Department of Drug Chemistry, Pharmaceutical and Biomedical Analysis, Faculty of Pharmacy, Medical University of Warsaw, 1 Banacha Street, PL-02097 Warsaw, Poland.
Department of Translational Immunology and Experimental Intensive Care, Centre of Postgraduate Medical Education, Ceglowska 80, PL-01809 Warsaw, Poland.
Nutrients. 2024 Aug 27;16(17):2860. doi: 10.3390/nu16172860.
Prostate cancer is the leading cause of cancer death in men. Some studies suggest that selenium Se (+4) may help prevent prostate cancer. Certain forms of Se (+4), such as Selol, have shown anticancer activity with demonstrated pro-oxidative effects, which can lead to cellular damage and cell death, making them potential candidates for cancer therapy. Our recent study in healthy mice found that Selol changes the oxidative-antioxidative status in blood and tissue. However, there are no data on the effect of Selol in mice with tumors, considering that the tumor itself influences this balance. This research investigated the impact of Selol on tumor morphology and oxidative-antioxidative status in blood and tumors, which may be crucial for the formulation's effectiveness. Our study was conducted on healthy and tumor-bearing animal models, which were either administered Selol or not. We determined antioxidant enzyme activities (Se-GPx, GPx, GST, and TrxR) spectrophotometrically in blood and the tumor. Furthermore, we measured plasma prostate-specific antigen (PSA) levels, plasma and tumor malondialdehyde (MDA) concentration as a biomarker of oxidative stress, selenium (Se) concentrations and the tumor ORAC value. Additionally, we assessed the impact of Selol on tumor morphology and the expression of p53, BCL2, and Ki-67. The results indicate that treatment with Selol influences the morphology of tumor cells, indicating a potential role in inducing cell death through necrosis. Long-term supplementation with Selol increased antioxidant enzyme activity in healthy animals and triggered oxidative stress in cancer cells, activating their antioxidant defense mechanisms. This research pathway shows promise in understanding the anticancer effects of Selol. Selol appears to increase the breakdown of cancer cells more effectively in small tumors than in larger ones. In advanced tumors, it may accelerate tumor growth if used as monotherapy. Therefore, further studies are necessary to evaluate its efficacy either in combination therapy or for the prevention of recurrence.

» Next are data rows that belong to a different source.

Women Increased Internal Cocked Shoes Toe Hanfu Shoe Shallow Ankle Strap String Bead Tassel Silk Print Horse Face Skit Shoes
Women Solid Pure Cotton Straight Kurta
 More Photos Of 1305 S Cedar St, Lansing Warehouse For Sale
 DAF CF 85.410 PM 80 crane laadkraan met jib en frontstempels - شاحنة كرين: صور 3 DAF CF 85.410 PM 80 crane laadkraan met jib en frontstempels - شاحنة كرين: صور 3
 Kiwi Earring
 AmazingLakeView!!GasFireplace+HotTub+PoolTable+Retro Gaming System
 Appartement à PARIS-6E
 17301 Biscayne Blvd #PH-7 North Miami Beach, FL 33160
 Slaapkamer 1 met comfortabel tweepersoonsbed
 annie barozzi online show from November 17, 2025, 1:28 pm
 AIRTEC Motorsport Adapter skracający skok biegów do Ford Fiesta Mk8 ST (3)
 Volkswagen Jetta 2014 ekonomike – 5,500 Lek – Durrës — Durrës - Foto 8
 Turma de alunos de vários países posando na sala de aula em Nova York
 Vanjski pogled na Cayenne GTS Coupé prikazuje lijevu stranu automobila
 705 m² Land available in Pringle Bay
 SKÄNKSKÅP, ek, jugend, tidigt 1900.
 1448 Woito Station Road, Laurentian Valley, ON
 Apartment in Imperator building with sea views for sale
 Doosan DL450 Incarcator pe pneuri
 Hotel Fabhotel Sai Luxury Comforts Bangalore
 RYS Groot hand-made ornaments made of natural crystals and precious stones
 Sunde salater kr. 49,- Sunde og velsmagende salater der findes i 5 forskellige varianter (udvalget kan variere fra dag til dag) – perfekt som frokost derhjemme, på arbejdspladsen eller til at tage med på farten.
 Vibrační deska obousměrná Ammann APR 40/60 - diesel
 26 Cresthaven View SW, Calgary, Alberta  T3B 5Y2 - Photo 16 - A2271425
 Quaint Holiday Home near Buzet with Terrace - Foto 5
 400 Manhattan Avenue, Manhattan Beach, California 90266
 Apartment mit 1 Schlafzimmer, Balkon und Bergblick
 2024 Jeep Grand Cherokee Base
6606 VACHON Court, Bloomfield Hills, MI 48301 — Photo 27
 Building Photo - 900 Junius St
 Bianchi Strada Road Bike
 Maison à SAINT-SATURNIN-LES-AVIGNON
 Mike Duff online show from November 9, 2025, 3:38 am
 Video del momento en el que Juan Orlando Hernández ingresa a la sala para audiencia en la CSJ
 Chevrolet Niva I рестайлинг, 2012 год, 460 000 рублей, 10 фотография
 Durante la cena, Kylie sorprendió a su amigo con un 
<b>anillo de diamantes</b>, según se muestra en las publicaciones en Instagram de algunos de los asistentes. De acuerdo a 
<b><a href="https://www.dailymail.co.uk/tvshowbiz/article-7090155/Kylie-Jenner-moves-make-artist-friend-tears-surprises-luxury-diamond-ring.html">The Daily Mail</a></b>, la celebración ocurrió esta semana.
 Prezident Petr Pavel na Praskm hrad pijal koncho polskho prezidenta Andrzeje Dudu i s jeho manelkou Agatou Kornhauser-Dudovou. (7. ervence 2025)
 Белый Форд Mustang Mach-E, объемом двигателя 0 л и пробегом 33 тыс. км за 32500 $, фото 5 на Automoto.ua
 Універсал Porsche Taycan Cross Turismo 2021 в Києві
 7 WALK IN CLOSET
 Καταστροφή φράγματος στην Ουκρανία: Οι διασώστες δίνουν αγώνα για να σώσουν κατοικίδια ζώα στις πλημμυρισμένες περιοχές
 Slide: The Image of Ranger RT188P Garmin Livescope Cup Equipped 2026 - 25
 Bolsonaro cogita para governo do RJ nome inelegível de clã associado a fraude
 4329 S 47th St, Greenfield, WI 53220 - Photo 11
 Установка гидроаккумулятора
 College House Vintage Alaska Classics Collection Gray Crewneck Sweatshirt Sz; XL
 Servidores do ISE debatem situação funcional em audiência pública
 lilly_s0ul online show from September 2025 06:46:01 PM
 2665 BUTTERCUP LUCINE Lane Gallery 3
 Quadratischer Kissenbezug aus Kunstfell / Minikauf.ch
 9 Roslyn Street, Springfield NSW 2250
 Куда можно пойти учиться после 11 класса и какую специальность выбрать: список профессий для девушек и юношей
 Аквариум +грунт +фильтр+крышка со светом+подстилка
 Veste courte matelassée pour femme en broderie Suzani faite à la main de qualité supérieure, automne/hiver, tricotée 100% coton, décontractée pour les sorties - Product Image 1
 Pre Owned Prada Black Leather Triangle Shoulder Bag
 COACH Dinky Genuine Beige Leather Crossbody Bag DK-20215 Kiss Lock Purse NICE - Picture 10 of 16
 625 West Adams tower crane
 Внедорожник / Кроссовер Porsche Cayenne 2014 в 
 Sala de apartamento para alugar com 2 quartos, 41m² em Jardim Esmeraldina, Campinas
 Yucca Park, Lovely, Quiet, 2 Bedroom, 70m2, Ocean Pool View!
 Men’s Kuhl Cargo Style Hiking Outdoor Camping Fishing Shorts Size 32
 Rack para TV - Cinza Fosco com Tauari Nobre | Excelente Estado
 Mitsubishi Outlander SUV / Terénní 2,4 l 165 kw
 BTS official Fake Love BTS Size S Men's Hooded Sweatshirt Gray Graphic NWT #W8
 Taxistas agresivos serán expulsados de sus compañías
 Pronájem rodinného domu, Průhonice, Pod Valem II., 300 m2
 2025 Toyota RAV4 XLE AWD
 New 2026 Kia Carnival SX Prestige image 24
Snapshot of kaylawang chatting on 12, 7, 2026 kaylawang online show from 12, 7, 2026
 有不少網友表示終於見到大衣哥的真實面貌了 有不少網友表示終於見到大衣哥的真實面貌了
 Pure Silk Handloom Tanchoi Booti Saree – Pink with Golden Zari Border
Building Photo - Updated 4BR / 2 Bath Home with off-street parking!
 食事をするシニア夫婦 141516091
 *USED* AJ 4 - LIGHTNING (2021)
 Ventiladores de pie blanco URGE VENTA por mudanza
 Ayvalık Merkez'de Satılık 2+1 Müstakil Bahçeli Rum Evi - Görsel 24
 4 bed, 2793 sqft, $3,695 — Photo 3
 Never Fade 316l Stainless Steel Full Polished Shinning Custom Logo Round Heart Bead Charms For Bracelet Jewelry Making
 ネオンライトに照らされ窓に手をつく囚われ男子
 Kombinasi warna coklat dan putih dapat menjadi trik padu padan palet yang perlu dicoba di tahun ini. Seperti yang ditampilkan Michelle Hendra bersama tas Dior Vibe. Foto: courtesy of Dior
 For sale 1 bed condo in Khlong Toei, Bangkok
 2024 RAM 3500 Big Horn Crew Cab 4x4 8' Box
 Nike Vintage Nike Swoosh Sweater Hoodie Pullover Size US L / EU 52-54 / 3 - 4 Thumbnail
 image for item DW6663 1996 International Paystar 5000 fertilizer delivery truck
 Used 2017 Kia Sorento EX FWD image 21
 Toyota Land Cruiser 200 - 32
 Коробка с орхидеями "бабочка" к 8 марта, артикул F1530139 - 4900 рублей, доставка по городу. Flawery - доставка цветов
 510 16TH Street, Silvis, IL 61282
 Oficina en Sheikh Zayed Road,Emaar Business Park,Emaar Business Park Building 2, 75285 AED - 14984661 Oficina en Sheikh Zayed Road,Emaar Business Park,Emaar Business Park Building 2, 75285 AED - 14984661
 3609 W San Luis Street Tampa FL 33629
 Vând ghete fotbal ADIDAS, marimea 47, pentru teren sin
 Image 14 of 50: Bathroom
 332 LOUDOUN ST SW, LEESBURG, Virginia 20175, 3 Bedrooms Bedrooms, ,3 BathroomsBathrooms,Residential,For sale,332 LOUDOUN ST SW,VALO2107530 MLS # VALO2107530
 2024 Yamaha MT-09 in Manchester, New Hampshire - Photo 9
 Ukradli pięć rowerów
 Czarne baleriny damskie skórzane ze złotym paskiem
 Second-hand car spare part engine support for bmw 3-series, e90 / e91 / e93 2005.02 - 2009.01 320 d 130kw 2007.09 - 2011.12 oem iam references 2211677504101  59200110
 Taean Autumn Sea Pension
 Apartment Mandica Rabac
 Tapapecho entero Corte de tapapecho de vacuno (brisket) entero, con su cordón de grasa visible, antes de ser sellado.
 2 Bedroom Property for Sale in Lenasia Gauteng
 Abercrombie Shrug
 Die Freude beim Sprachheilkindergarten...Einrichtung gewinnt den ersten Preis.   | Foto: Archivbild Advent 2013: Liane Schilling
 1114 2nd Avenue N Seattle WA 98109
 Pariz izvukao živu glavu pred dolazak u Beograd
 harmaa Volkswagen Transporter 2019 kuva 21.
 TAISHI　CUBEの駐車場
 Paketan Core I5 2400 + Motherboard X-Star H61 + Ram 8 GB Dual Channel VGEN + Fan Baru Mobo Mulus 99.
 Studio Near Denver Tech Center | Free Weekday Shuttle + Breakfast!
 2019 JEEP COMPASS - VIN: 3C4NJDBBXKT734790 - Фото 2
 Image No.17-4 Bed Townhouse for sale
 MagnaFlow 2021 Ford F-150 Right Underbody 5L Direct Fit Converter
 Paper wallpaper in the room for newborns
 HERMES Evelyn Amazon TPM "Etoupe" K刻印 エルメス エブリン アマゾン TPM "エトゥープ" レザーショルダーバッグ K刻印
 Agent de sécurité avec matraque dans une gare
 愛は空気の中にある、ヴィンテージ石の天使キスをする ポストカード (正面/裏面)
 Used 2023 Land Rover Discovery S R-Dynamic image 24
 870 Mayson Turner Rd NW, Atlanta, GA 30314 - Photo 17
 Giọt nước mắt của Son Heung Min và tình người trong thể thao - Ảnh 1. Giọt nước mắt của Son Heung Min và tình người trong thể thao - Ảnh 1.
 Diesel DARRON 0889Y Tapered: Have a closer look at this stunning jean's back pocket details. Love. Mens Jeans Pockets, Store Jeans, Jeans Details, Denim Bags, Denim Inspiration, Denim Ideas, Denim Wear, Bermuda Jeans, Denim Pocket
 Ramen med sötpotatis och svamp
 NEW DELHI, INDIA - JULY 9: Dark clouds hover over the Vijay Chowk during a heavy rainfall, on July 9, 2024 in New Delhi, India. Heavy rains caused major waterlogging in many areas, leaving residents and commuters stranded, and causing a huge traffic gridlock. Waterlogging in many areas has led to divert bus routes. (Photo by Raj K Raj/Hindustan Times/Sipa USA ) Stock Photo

前列腺癌是男性癌症死亡的主要原因。一些研究表明,硒(+4)可能有助于预防前列腺癌。某些形式的硒(+4),如 Selol,已显示出抗癌活性,并具有明显的促氧化作用,这可能导致细胞损伤和细胞死亡,使它们成为癌症治疗的潜在候选药物。我们最近在健康小鼠中的研究发现,Selol 改变了血液和组织中的氧化-抗氧化状态。然而,对于患有肿瘤的小鼠,Selol 的效果尚无数据,因为肿瘤本身会影响这种平衡。这项研究调查了 Selol 对肿瘤形态和血液及肿瘤中氧化-抗氧化状态的影响,这对配方的有效性可能至关重要。我们的研究在健康和荷瘤动物模型中进行,这些模型要么接受 Selol 治疗,要么不接受。我们通过分光光度法测定了血液和肿瘤中的抗氧化酶活性(Se-GPx、GPx、GST 和 TrxR)。此外,我们还测定了血浆前列腺特异性抗原(PSA)水平、血浆和肿瘤丙二醛(MDA)浓度作为氧化应激的生物标志物、硒(Se)浓度和肿瘤 ORAC 值。此外,我们评估了 Selol 对肿瘤形态以及 p53、BCL2 和 Ki-67 表达的影响。结果表明,Selol 的治疗作用影响肿瘤细胞的形态,表明其通过坏死诱导细胞死亡的潜力。长期补充 Selol 可增加健康动物的抗氧化酶活性,并在癌细胞中引发氧化应激,激活其抗氧化防御机制。这条研究途径有望深入了解 Selol 的抗癌作用。Selol 似乎在较小的肿瘤中比在较大的肿瘤中更有效地增加癌细胞的分解。在晚期肿瘤中,作为单一疗法使用可能会加速肿瘤生长。因此,有必要进一步研究评估其联合治疗或预防复发的疗效。